Content starts

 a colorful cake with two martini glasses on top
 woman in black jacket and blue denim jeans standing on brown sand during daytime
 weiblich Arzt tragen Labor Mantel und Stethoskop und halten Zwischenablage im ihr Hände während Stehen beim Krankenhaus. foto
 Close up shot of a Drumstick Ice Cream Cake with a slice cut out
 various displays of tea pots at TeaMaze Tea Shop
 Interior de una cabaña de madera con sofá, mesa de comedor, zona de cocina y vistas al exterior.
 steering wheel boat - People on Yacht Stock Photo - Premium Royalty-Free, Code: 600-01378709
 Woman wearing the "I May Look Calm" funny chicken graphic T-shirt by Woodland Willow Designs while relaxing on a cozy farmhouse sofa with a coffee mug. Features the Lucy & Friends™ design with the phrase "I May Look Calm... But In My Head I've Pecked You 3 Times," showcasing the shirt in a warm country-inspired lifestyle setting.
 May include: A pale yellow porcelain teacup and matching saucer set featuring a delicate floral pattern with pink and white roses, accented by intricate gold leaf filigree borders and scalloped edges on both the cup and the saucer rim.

Content ends
Content starts

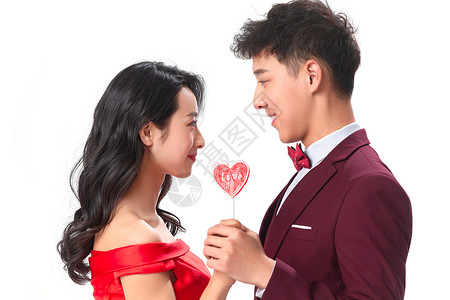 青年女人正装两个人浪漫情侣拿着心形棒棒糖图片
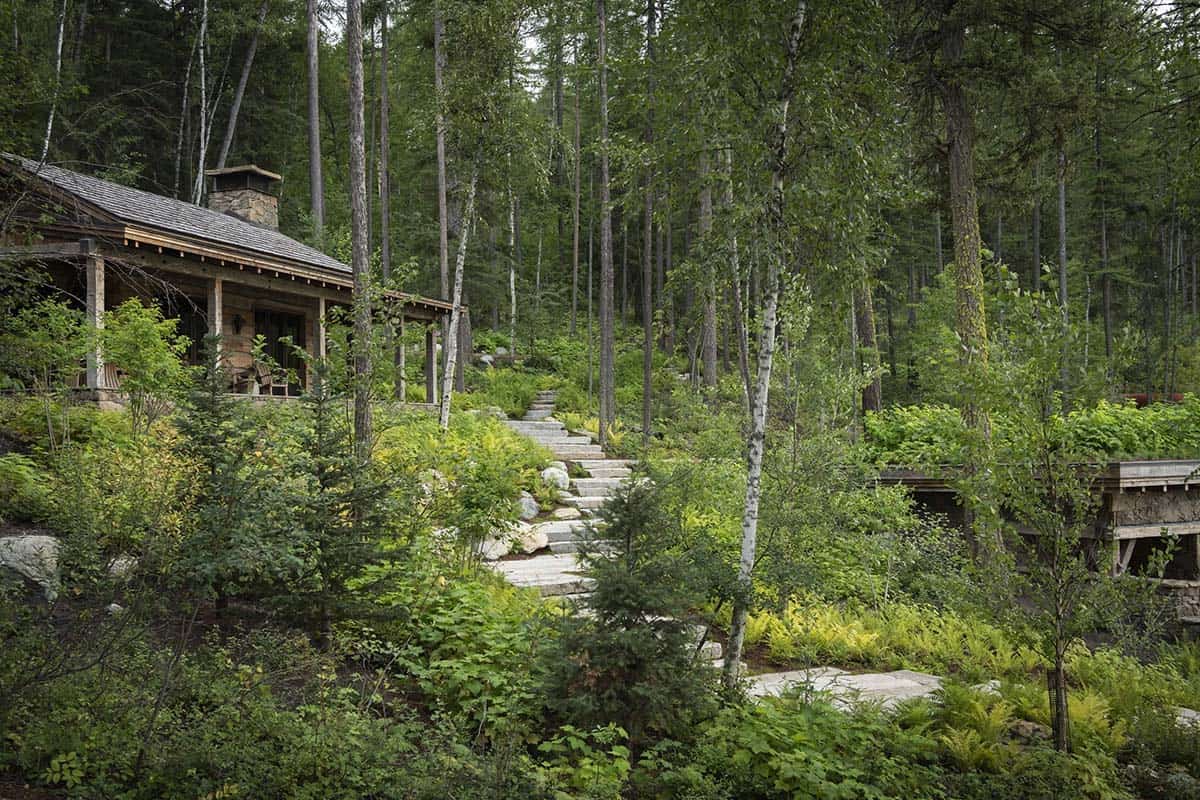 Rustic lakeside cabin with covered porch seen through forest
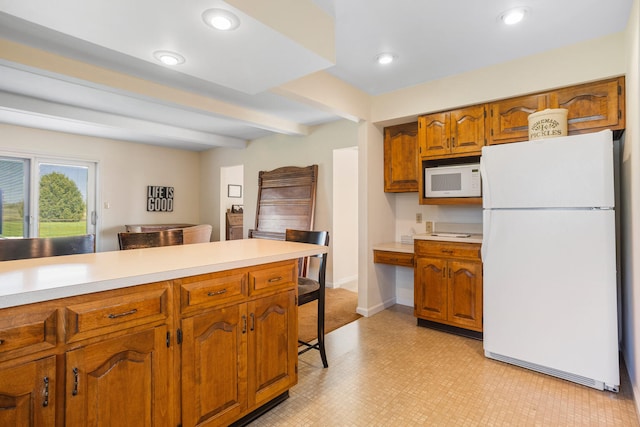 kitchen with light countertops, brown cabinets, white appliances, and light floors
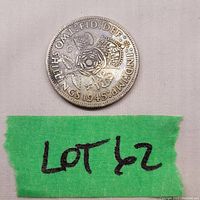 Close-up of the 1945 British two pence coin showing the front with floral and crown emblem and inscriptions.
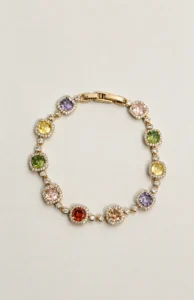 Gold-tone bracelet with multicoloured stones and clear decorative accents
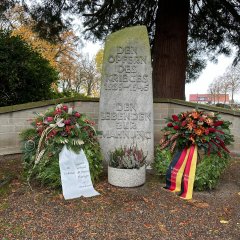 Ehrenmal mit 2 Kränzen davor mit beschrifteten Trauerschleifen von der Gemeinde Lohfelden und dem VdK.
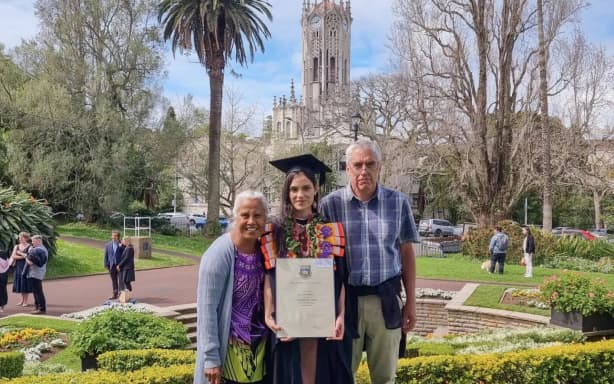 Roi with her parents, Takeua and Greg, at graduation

Content ends
Content starts

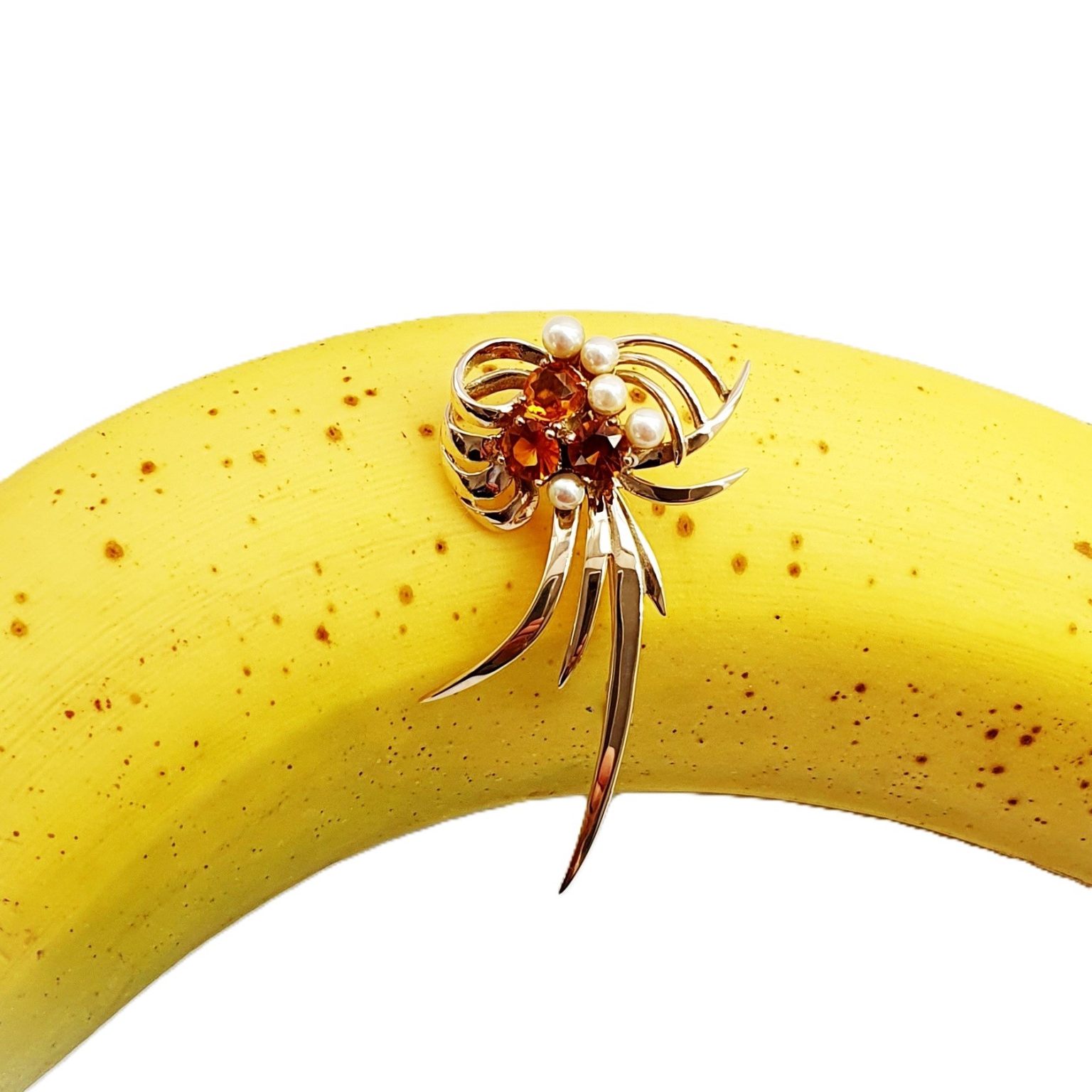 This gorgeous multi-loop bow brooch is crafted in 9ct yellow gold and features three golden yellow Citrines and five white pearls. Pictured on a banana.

Content ends

◆ **TASK REQUIREMENTS**: Reproduce the lines above, beginning at the line with "steering wheel boat" and stopping after the line with "Woman wearing the", exactly as they are.

◆ **RESPONSE**:
 steering wheel boat - People on Yacht Stock Photo - Premium Royalty-Free, Code: 600-01378709
 Woman wearing the "I May Look Calm" funny chicken graphic T-shirt by Woodland Willow Designs while relaxing on a cozy farmhouse sofa with a coffee mug. Features the Lucy & Friends™ design with the phrase "I May Look Calm... But In My Head I've Pecked You 3 Times," showcasing the shirt in a warm country-inspired lifestyle setting.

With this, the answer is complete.